• [Description of the task]: Each line that includes "onclick" must be copied from the records.

╭──

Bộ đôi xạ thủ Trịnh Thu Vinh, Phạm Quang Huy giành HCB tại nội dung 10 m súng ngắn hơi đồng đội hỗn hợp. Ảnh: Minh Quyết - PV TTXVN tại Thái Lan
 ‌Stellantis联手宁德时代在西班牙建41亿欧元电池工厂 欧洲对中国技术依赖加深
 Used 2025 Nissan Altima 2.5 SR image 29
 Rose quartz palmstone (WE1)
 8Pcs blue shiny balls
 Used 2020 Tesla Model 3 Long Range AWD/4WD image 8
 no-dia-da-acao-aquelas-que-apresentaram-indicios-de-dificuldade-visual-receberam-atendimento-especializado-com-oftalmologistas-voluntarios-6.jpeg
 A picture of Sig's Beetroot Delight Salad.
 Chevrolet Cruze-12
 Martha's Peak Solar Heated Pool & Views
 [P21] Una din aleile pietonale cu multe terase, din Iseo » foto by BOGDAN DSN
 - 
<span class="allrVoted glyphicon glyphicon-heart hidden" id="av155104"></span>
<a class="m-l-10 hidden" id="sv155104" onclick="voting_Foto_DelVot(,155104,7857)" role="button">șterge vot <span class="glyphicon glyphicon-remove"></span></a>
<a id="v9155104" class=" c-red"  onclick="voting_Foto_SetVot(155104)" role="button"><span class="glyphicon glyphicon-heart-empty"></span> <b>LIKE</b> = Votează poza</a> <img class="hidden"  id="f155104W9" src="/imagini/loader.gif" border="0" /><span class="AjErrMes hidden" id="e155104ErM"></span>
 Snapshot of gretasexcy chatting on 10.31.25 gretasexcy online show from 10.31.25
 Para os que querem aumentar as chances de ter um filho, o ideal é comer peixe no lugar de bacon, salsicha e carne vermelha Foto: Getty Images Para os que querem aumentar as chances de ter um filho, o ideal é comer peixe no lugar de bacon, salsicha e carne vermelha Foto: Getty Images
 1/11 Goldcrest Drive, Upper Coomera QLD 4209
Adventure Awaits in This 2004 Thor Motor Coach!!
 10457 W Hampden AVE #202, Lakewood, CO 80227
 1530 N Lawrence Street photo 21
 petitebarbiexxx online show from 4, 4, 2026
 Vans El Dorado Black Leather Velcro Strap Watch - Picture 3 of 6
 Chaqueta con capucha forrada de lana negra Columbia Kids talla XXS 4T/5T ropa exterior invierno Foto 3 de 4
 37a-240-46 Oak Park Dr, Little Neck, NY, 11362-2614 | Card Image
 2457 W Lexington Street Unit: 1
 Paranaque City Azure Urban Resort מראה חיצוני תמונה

╰──

• [Task solution]:
<a class="m-l-10 hidden" id="sv155104" onclick="voting_Foto_DelVot(,155104,7857)" role="button">șterge vot <span class="glyphicon glyphicon-remove"></span></a>
<a id="v9155104" class=" c-red"  onclick="voting_Foto_SetVot(155104)" role="button"><span class="glyphicon glyphicon-heart-empty"></span> <b>LIKE</b> = Votează poza</a> <img class="hidden"  id="f155104W9" src="/imagini/loader.gif" border="0" /><span class="AjErrMes hidden" id="e155104ErM"></span>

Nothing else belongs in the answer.